Mentre il panorama sociale è deprimente e le prospettive non
sono ottimistiche, non tutto nella boscaglia è spinoso. La servitù non è così
volontaria come sembra. La guerriglia della vita si eclissa, ma solo per
riemergere con più forza. Lentamente ma inesorabilmente, i giovani
disobbediscono, le donne si liberano, manciate di resistenti si raggruppano e
avviano progetti di cooperazione e di vita disindustrializzata, alcuni gruppi
di esclusi e sfrattati occupano luoghi di vita per gestirli collettivamente, mentre
pochi altri lottano per una sanità e un insegnamento alternativi e autogestiti.
I tentativi cittadini di rivitalizzare la politica partitocratica inciampano in
un’astensione crescente, mentre la copertura ecologica delle false soluzioni di
ricambio sta cadendo a pezzi.
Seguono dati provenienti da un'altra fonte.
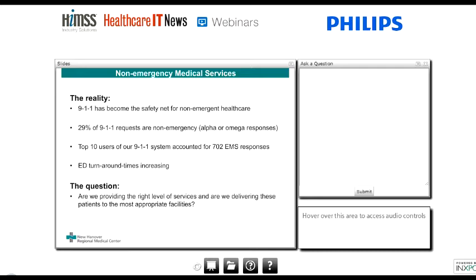ED turnaround times were increasing. These patients not only come in unnecessarily, but getting them the services they need while sitting in an ER bed takes up hours of space — an increasing burden not just here in Wilmington but across the United States. The question we had to ask: are we providing the right level of services and delivering patients to the most appropriate facilities? Across the country, rules and regulations — EMTALA laws, COBRA, Medicare and Medicaid rules — require transport to a designated emergency room. The Affordable Care Act is forcing us to seek other venues and change legislation to possibly allow alternative destinations in the future.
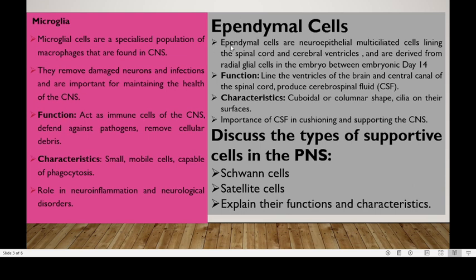Lastly, in the CNS, we have ependymal cells. These are neuroepithelial multiciliated cells lining the spinal cord and the cerebral ventricles, derived from radial glial cells in the embryo around embryonic day 14. Their function is to line the ventricles of the brain and the central canal of the spinal cord and produce CSF. Their characteristics are that they are cuboidal or columnar-shaped with cilia on their surfaces, and they are very important in producing the cerebrospinal fluid which cushions and supports the CNS.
Dietro i circhi organizzati con la scusa del
cambiamento climatico, si staglia lo spolverino delle multinazionali che perseguitano
voi e noi mentre le litanie del progresso e della tecnologia non riescono a
nascondere la desolazione che le corporazioni multinazionali seminano al loro
passaggio. Anche il dominio ha i suoi punti deboli e sopra il pensiero schiavo
vola la pericolosa novità del libero fluire delle coscienze.
Come voi avete giustamente detto, è impossibile riformare il
capitalismo, renderlo meno disumano: va distrutto. L'apparato statale con cui
si riconfigura è inutilizzabile, bisogna lasciarlo sgretolare. La vita non può
fertilizzare la terra con plusvalenze, né la società può promuovere l'autonomia
dei suoi membri con decreti governativi o sussidi. Questa è una questione che
ci riguarda tutti perché ogni atto di ribellione, ogni gesto d’insubordinazione
qui o là, fa parte di una lotta che la volontà di vivere secondo le proprie
regole combatte dappertutto contro l'istinto di morte, contro l'emarginazione e
l'espropriazione, o se si vuole, contro le forze dell'ordine e l'accumulazione
di capitali.
Per una catena logica di conseguenze, la vostra difesa della
terra, dei modi di vita che essa consente, delle comunità che alberga, delle
tradizioni che essa alimenta e della storia che essa possiede, ha un obiettivo universale.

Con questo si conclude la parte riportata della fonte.